On the go: The aggregate deficit of the 5,422 defined benefit schemes in the Pension Protection Fund 7800 Index fell by £59bn in August.

This meant the shortfall decreased to £140.5bn at the end of August from £199.5bn at the end of July.

Section 179 liabilities, the level of assets needed to secure PPF-level benefits with an insurer, were 92.6 per cent funded in August, up from 89.9 per cent in the previous month.

By the end of August, the total assets in DB schemes were £1.75tn, while total liabilities stood at £1.9tn. There were 3,506 schemes in deficit and 1,916 schemes in surplus, the PPF stated.

Vishal Makkar, head of retirement consulting at Buck in the UK, noted that despite a fall in the aggregate deficit this month, “caused by a sizeable increase in gilt yields over August, the general economic outlook has continued to worsen”.

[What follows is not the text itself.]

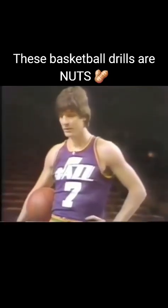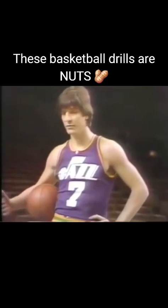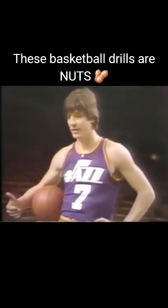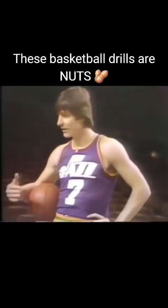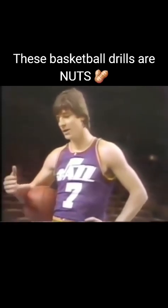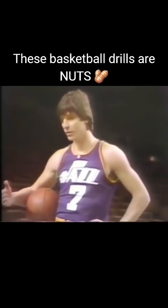Did we really need just that camera angle? We had a perfectly good camera angle facing forward — we didn't need a side profile of Pete Maravich doing this drill. What the fuck does any of these drills have to do with basketball? In what situation are you going to need to clap your hands together and twirl the ball around your kneecaps in an NBA game? Or throw the ball behind your back over your head and clap your hands on your thighs? What is that doing for basketball?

He said: “With no definitive roadmap to follow and the UK economy now officially in recession — one of the deepest in Europe — most scheme trustees are very much at the mercy of the financial positions of their sponsors.

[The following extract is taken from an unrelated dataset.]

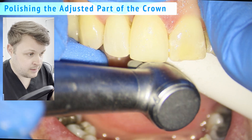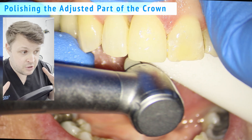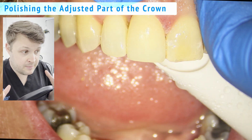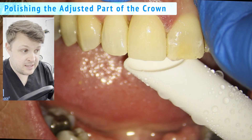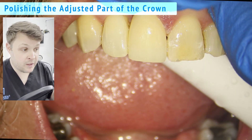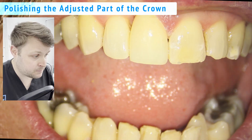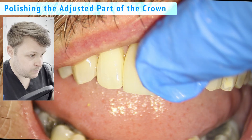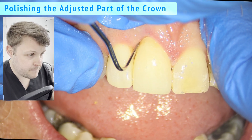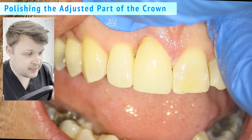Don't forget: when you use a diamond drill on a zirconia crown or anything di-silicate, it will need to be polished afterwards, otherwise it will excessively wear its opposing counterpart. And here I'm just removing the last little bit of excess cement.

“Since the start of the year, Covid-19 has been the main factor driving instability worldwide and in the UK, but ultimately there is nothing that schemes can do about the impact of the virus on the economy,” Mr Makkar continued. 

“Even as the UK continues to ‘open up’, certain sectors remain heavily reliant on government support. All scheme trustees, especially those in sectors affected severely by Covid-19, should be watching closely for any new developments in government policy and ensuring that their planning remains as flexible as possible to deal with these changes.”